Le 29 août 1789, l’Assemblée constituante rompt avec la réglementation d’Ancien Régime et décrète la libre circulation et le libre commerce des subsistances. Cette liberté semblait devoir favoriser les départements non producteurs, toutefois dans le Cantal les difficultés d’approvisionnement subsistent. En témoigne cet extrait de la correspondance du procureur syndic du district de Mauriac : « Les marchés ne sont pas approvisionnés, les cultivateurs préfèrent vendre leurs grains à des marchands qui les revendent ensuite entre mains à des prix exorbitants » (30 messidor an III ; ADC, L 504). Les freins économiques demeurent : production faible, enclavement et coûts de transport trop élevés. La libre circulation ne suffit pas à résoudre les difficultés de ravitaillement. Pire, en raison du manque de grains, la liberté du commerce profite aux marchands au détriment des consommateurs. C’est ce que l’auteur de l’affiche reproche au dénommé Mégemont : « à Aurillac il a été faire emplette de blé. Bon comme un bon père qui arrache la bouche à ses enfants pour lui la manger en même-temps […] Avant le voyage de Mégemont fait, à cinq francs la carte vous l’avez mangé. Douze sous de plus vous donnerez depuis que Mégemont fait le grand usurier ».
Quel que soit le système économique en place, Aurillac, dont la production de céréales est insuffisante à nourrir sa population, manque de grains. Le pouvoir municipal a dû composer avec les différentes directives du pouvoir central et n’a eu de cesse de chercher à ravitailler la ville. Les changements de régime économique : réglementation ou libre circulation ne modifièrent en rien cette situation. Dans la pratique les pouvoirs publics ont toujours été contraints d’intervenir en continuant de réglementer et de subventionner le prix du pain.
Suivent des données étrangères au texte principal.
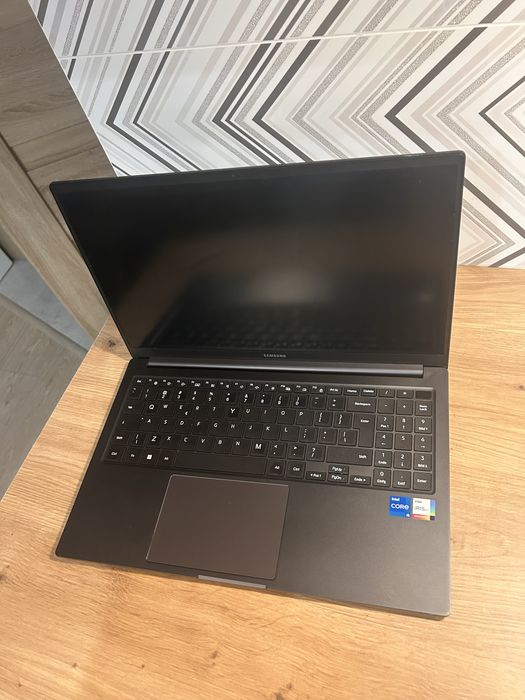 Laptop Samsung Galaxy Book2 NP750XED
Une de leurs préoccupations constantes est d’assurer la subsistance des plus pauvres, autrement dit de la majorité de la population. C’est à ce prix qu’ils parviennent à maintenir l’ordre et à éviter de graves émeutes ou soulèvements. Toute proportion gardée, le contexte actuel de forte inflation n’est pas sans rappeler cette situation, et si comparaison ne vaut pas raison, l’énergie d’aujourd’hui est peut-être le pain d’hier !
Cotes ADC : 1 Fi 359
Source : « La question des subsistances dans la commune d'Aurillac, de 1788 à 1795 » par R. Rieuf dans Revue de la Haute-Auvergne, 1945 pages 307-329 et 1947 pages 46-68 et 100-111.
Document rédigé par Nicolas Laparra
[1] Bread, Politics and Political Economy in the Reign of Louis XV par Steven Kaplan, 1976.